The NEAR Investment Thesis

Disclaimer: None of the insights or facts explained below should be taken as investing advice. Please consult a financial professional when investing in utility tokens and other financial products. 4NTS Guild does hold NEAR. 

A Hosted PDF Version of the Thesis can be found here.

Introduction: 

This is a macro-level overview for prospective crypto investors and entrepreneurs interested in better understanding the position of NEAR protocol in the larger crypto- and emerging technology marketplace. For an introduction to NEAR, readers can review The Long Term Value Proposition for NEAR Protocol. In this short paper, a thesis is put forward for NEAR protocol that explains the position of the protocol in the larger crypto – and Web3 space. As an argument, we argue that NEAR is extremely well positioned to sustainably grow in the coming decade, based upon its technical design, developer incentive structure, focus on usability, and global business development approach. 

Before we explain our reasons for this thesis, we start by explaining the context of NEAR in the larger Web3 space. This context centers upon an impending crypto bull run, growth of peer-to-contract applications (encompassing decentralized finance, but also much more), as well as the larger infrastructure inversion that Web3 presents and the development opportunities contained therein. 

Argument 1: We Are On The Precipice of a Web3 Revolution 

Define – Web3: The standardization of value built as a protocol layer of the internet. Peer-to-Peer and Peer-to-Contract network infrastructure from which data and value is handled in a decentralized, public, and permissionless manner using token-based incentive models. 

Overview: After three previous market cycles, the cryptocurrency space is positioned for a fourth cycle at a time when smart money, institutional acceptance, and private interest in Web3 is on the rise. Similar to previous technology revolutions, this fourth cycle marks the beginning of a fundamental infrastructure inversion for many of our digital and physical systems. As a result of this inversion, a host of new opportunities and business models will be born in the coming decade plus. NEAR protocol is the platform that is optimally positioned for handling these opportunities. 

Premise 1: Demand Factors 

Smart Money Before the Masses: After 2 years in a bear market, interest in cryptocurrency and digital tokens is on the rise once again, signalling for many the start of the next bull market. Notably, at the current stage of this cycle, it is predominantly wealthy zip codes in Silicon Valley and New York indicating the entrance of smart money – interested in the value proposition of the underlying technology, and hedging against a weakening dollar. Bitcoin as a whole remains at well below 1/10th of the market cap of gold. 

In context, the majority of mainstream finance across the global economy, remains on the sidelines for not only Bitcoin but all of crypto. The trickle-down logic is as follows: If Bitcoin is validated as a serious investment by mainstream investors, private companies, and institutions, interest in other cryptocurrencies such as Ethereum will follow closely. Demand for the more encompassing value proposition of Layer 1 blockchain protocols arrives: As Bitcoin rises to prominence, other cryptocurrencies as a whole rise as well. 
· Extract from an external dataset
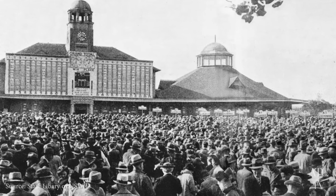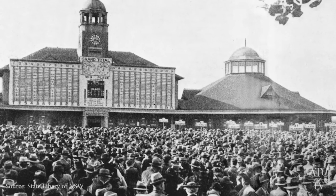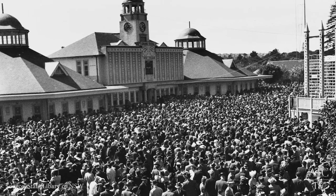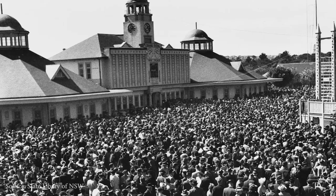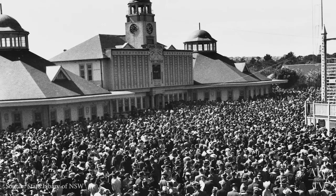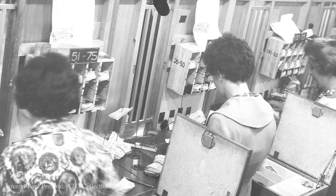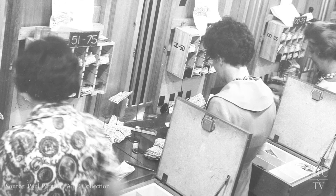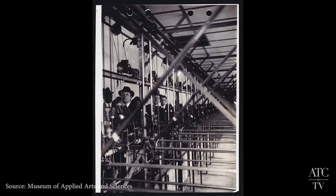In 1917, the AJC championed the use of the technology at Randwick. The building that housed the tote at Randwick, and is still in place today, was built by the architectural firm Robertson and Marks. The octagonal design included a basement strongroom, offices for the chief bankers, counters for those working at the windows, and space for the machinery.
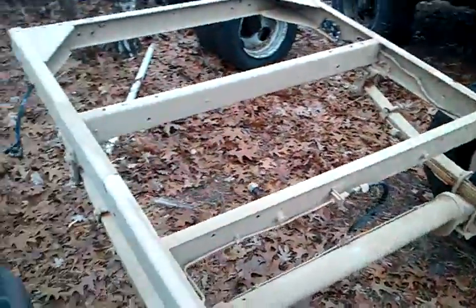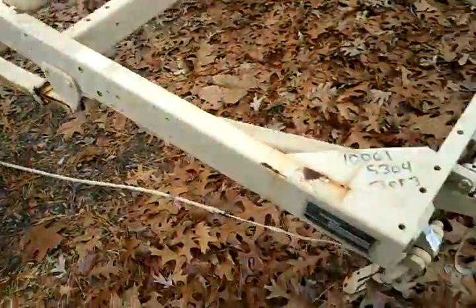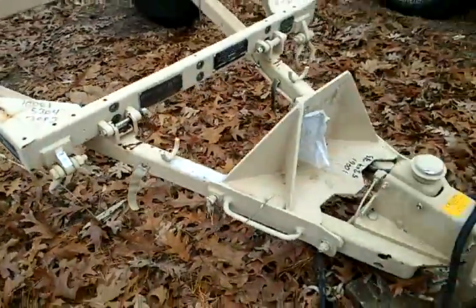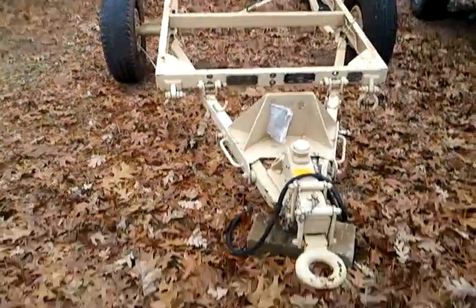They have an extra wide axle to match the Hummer, and extra heavy-duty springs. These are antenna mounts that were towed behind the Hummer — or the HMMWV, whatever the heck it was called.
Institutional Acceptance of Both Crypto and Blockchain: News about Microstrategy, to Grayscale, to Paypal, to even AirBnB and Venmo are clear indicators of the integration of cryptocurrency payment systems with legacy internet payment systems. Institutional adoption validates the usability of cryptographic tokens – an early stage signal of what the future will look like. This signal is further complemented by numerous central banks planning to launch digital currencies in the coming years. In short, institutional acceptance of cryptocurrencies and the underlying distributed ledger technology (be it private or public), validates the long-term interest in token-based economies and the innovative benefits of blockchain. 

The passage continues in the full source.